La donna morì bruciata all’interno dei una Volvo Polar bianca il 20 febbraio 2003: le forze dell’ordine impegnate sul campo hanno recuperato una macchina identica a quella dell’incidente in modo da riprodurre in ogni dettaglio le dinamiche dell’accaduto.
Alle 16.20 è stato dato fuoco alla macchina per simulare il rogo che bruciò Marisa Maldera. All’interno del veicolo è stato posizionato un dispositivo capace di analizzare tutti i dati relativi all’incendio quali i fumi, la temperatura e le tempistiche del rogo. Le informazioni raccolte serviranno agli inquirenti per valutare se la veridicità della versione dei fatti fornita da Piccolomo.
Nell’esperimento è stato registrato che il parabrezza è stato il primo elemento dell’auto ad esplodere, seguito dai finestrini e solo infine il serbatoio. La dinamica è durata quasi un quarto d’ora: gli inquirenti non si sono sbilanciati ma dalle prime constatazione sembrerebbe che Piccolomo avrebbe avuto il tempo necessario per salvare la moglie.
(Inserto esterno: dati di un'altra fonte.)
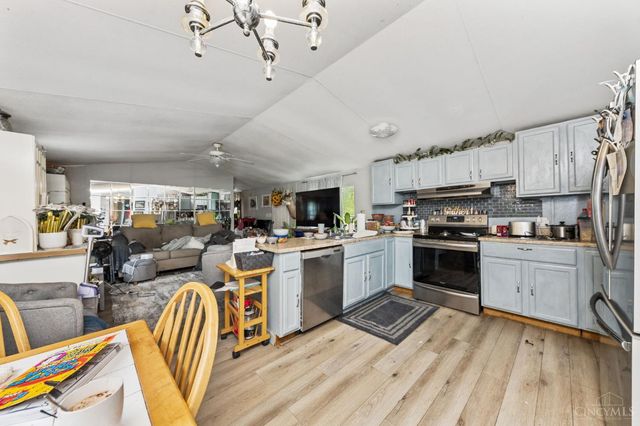 582 Nauvoo Road, Vernon Twp, OH 45113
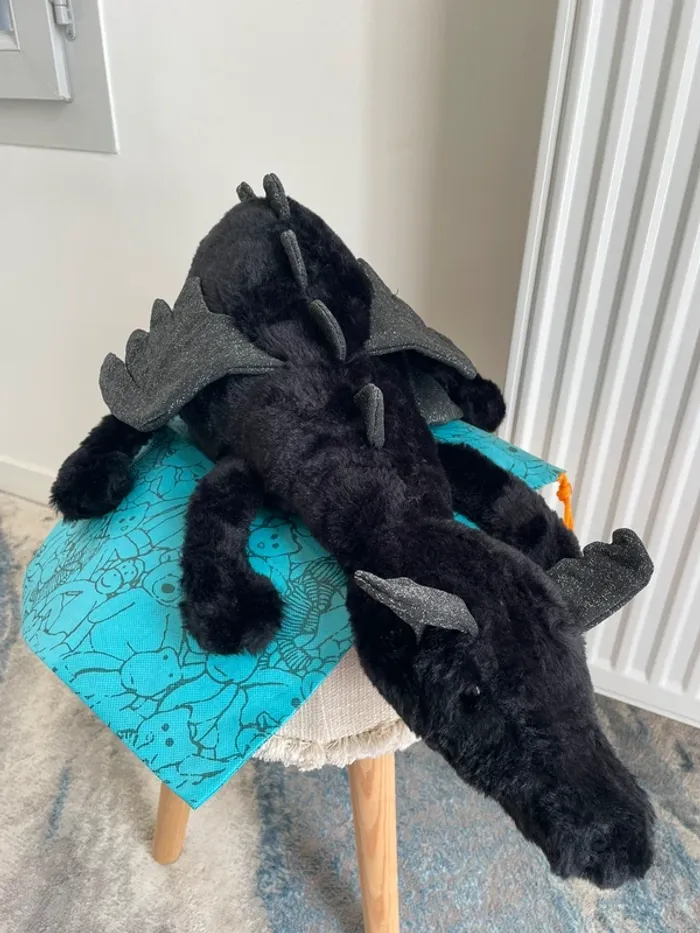 Peluche Jellycat Onyx Dragon HUGE 🐉🖤 - photo numéro 19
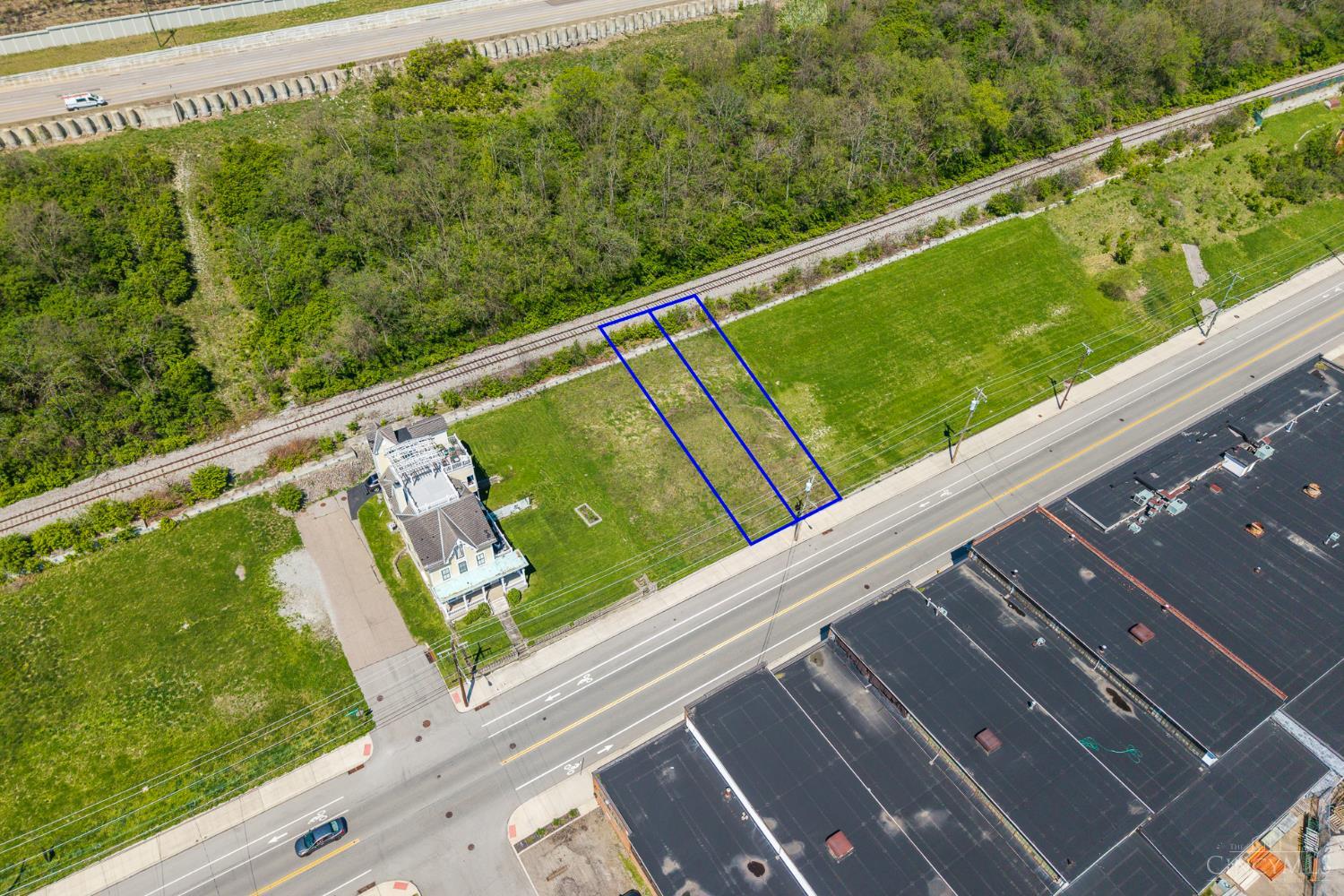 2010 Riverside Drive Cincinnati, OH 45202 - Photo 6 of 8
Il Sostituto Procuratore Generale Carmen Manfredda non ha rilasciato dichiarazioni in merito alle indagini ma ha risposto in merito alle motivazioni che hanno portato a questo esperimento. «Per giustizia – ha dichiarato il magistrato Manfredda -. Fermo restando la presunzione di innocenza di Piccolomo fino a prova contraria, è giusto che le figlie di Marisa Maldera sappiano la verità sulla morte della madre». Gli inquirenti hanno inoltre comunicato di essere entrati in possesso di alcuni filmati che avrebbero ripreso il luogo dell’incendio poche ore dopo l’incidente di Caravate: i video saranno oggetto di verifiche e accertamenti.